The input size is 6 because we have a 3-character context and each character is a 2D embedding (3 * 2 = 6). We will concatenate these embeddings to form a single 6D vector for each example.<br>
The output size is 100, meaning our hidden layer will have 100 neurons. This is another hyperparameter.
- `b1 = torch.randn(100)`: The bias vector for the 100 neurons in the hidden layer. Biases allow the neurons to shift their activation function, making them more flexible.

In [48]:
W1  = torch.randn((6,100))
b1 = torch.randn(100)

#### Hidden Layer Forward Pass
This block computes the output of the hidden layer:
- `emb.view(-1, 6)`: This is a crucial reshaping step. It takes our (228146, 3, 2) embedding tensor and transforms it into a (228146, 6) tensor. It does this by concatenating the three 2D vectors for each example into a single 6D vector. The -1 tells PyTorch to automatically infer the number of rows.<br>
The `.view()` function in PyTorch reshapes a tensor to have different dimensions while keeping the total number of elements the same.

```bash
For the context ' . e m '
[
  [-0.1565,  0.1425],  # Embedding for '.'
  [ 0.6479, -0.2573],  # Embedding for 'e'
  [-0.0123,  0.3681]   # Embedding for 'm'
]
```
When we apply .view(-1, 6), here's what each part does:
1. `The 6`: This is the desired number of columns for our new tensor.
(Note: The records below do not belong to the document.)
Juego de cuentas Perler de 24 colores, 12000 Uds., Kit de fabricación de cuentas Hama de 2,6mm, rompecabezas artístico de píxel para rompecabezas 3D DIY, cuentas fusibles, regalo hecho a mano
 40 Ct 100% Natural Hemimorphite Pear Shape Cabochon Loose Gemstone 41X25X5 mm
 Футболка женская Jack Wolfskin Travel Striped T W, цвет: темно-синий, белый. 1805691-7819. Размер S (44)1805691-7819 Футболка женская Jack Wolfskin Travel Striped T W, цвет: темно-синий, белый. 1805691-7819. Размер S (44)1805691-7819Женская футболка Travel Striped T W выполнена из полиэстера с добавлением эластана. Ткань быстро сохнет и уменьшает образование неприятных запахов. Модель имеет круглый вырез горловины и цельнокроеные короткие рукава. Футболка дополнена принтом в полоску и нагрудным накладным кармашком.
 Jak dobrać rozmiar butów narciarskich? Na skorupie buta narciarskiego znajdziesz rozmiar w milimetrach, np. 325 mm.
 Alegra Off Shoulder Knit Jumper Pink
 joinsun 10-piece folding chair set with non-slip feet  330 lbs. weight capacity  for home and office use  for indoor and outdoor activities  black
We get 6 because we want to combine the features of our 3 context characters and each character has a 2-dimensional embedding.

    - $3 (block_size) * 2 (embedding_dim) = 6$: This operation effectively takes the three 2D vectors and lays them end-to-end:
    $[-0.1565,  0.1425,   0.6479, -0.2573,   -0.0123,  0.3681]$

    - This new 6-dimensional vector is now a single, unified representation of the entire 3-character context.

2. The `-1`: This is a powerful placeholder. It tells PyTorch**I want the number of columns to be 6 and you should automatically figure out how many rows are needed to make it work.**<br>
PyTorch calculates this by taking the total number of elements in the tensor (32 * 3 * 2 = 192) and dividing by the specified number of columns (192 / 6 = 32). This ensures that our output tensor will have one row for each of the 32 examples in our minibatch.


- `@ W1 + b1`: We perform a matrix multiplication with the weights and add the bias. This is the standard linear operation of a neuron layer.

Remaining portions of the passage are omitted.